Prediction of forest unit volume based on hybrid feature selection and ensemble learning proposes a FL-Stacking model based on hybrid feature selection and ensemble learning according to the real data provided by the National Forestry Science Data Sharing Service Platform. It provides a scientific basis for forest resource management and decision-making with high dimensionality and complex samples. Firstly, the model extracts features based on Filter-Lasso hybrid method, then constructs the prediction model of forest unit volume based on ensemble learning. Then it uses eight prediction models, such as Linear SVM regression, as the fusion basis model in the training set by Stacking scheme. Finally, the fusion and optimization of the basic model are carried out.

Analysis of evolutionary process of fog computing system based on BA and ER network hybrid model models the evolutionary process of the fog computing node after structuring the fog computing system based on BA scale-free network and ER random network, which aims to design a safe, stable and efficient fog computing system. Then the evolutionary process of the network hybrid model is analysed. Finally, the evolutionary model of the fog computing system is solved, and the conditions that the hybrid network obeys for certain network structures in the two networks are obtained.

Application of improved time series Apriori algorithm by frequent itemsets in association rule data mining based on temporal constraint describes the working principle of the traditional Apriori algorithm and proposes an improved Apriori algorithm for frequent itemset time series. The methods and procedures of time series and time sequence association rules mining are then analyzed. A combined application of improved time series Apriori algorithm is resented by frequent itemsets in association rule data mining based on temporal constraint.

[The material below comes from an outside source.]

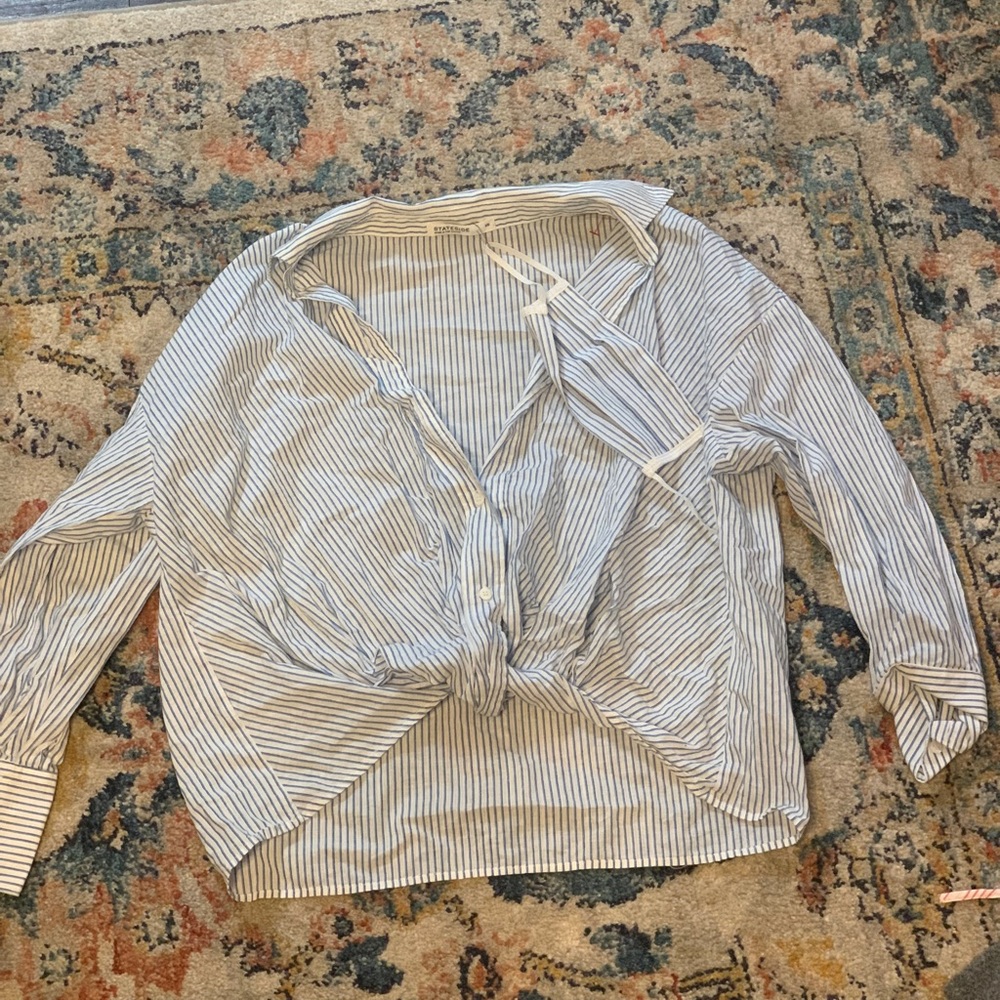 state side button up size xs never worn still has mask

Structure Optimization Method based on Automatic Vectorization combines field storage and applies in the structure to reduce the access to these addresses during the SIMD vectorization. Structure is used more extensively to promote the performance of application program, such as scientific computing. The non-continuity and the non-aligment of vectorization structure array have a dramatic influence on the efficiency of program’s vectorization. Therefore an address conversion method is proposed to map structure array one to the two dimensional array. To meet the request of the continuity and the alignment of its non-array memory address, it further reduces the failure rate of cache and improves the application performance.

A node-priority based overlapping community detection method using evolutionary multi-objective suggests a community detection method based on node priority to improve the accuracy of large-scale overlapping community detection. The proposed algorithm has two advantages. A priority function fNN is firstly defined to assess the closeness between adjacent nodes. It initially explores the potential community structure and reduces the scale of networks. All Pareto fronts are selected to better mine large-scale overlapping communities. Authors also employed NSGA-II to explore the community structure. Finally, the proposed algorithm is applied to the artificial and real datasets to very its performance.

We are grateful to the authors who submitted their papers to this special issue. We would also like to thank the reviewers for their hard work and their valuable feedback to the authors. Finally, we would like to express our sincere gratitude to the Editor-in-Chief for providing the opportunity and assistance to edit this special issue in the well-known journal of Evolutionary Intelligence. Without all of this, it would be impossible to organize a successful special issue dedicated to this interesting topic.